[Stored entries]
>>>

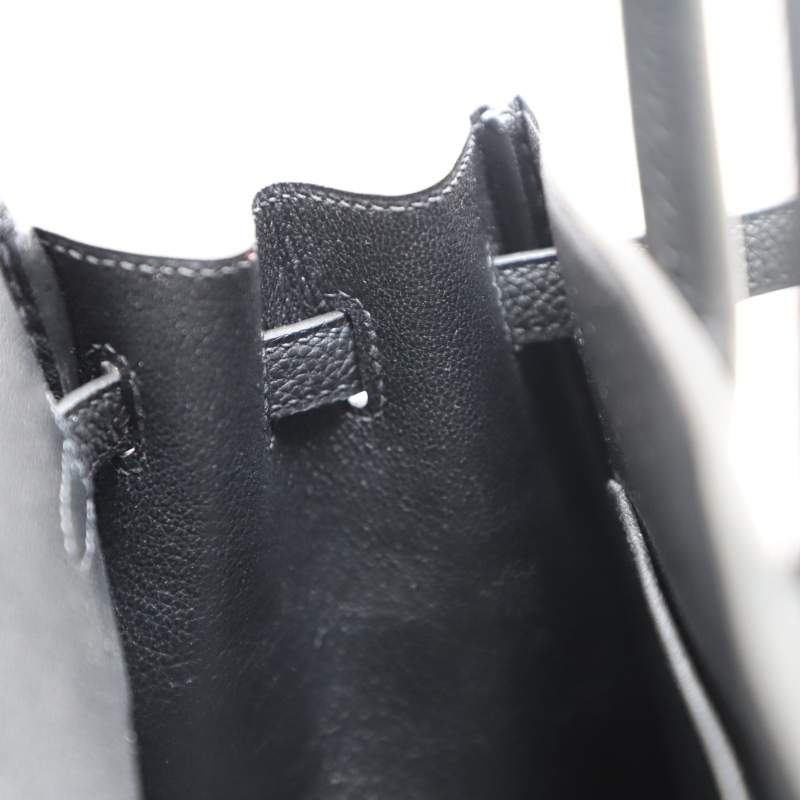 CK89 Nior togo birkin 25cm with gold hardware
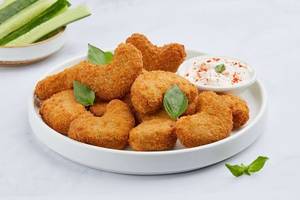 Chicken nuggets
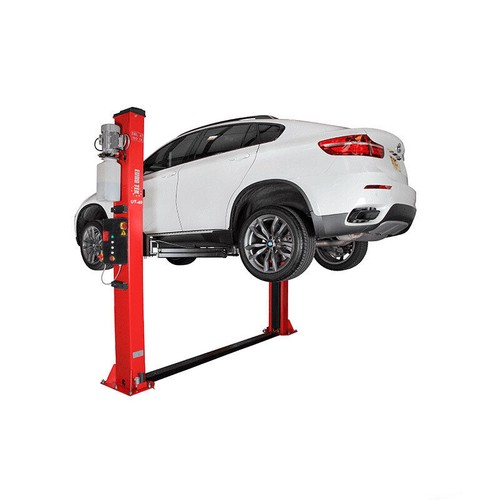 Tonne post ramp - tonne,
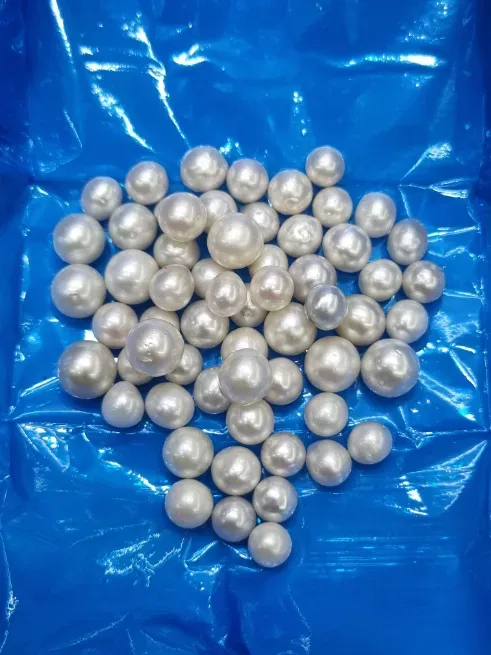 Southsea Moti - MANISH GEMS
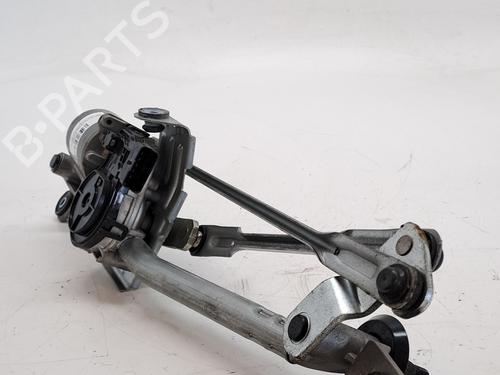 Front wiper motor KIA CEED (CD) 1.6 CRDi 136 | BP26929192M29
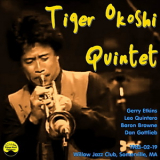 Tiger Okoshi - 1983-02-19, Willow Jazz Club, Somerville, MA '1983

<<<

__EXERCISE REQUIREMENTS__: Could you return all the entries exactly as they appear, minus the pictures?

__RESULT OF THE EXERCISE__:
 CK89 Nior togo birkin 25cm with gold hardware
 Chicken nuggets
 Tonne post ramp - tonne,
 Southsea Moti - MANISH GEMS
 Front wiper motor KIA CEED (CD) 1.6 CRDi 136 | BP26929192M29
 Tiger Okoshi - 1983-02-19, Willow Jazz Club, Somerville, MA '1983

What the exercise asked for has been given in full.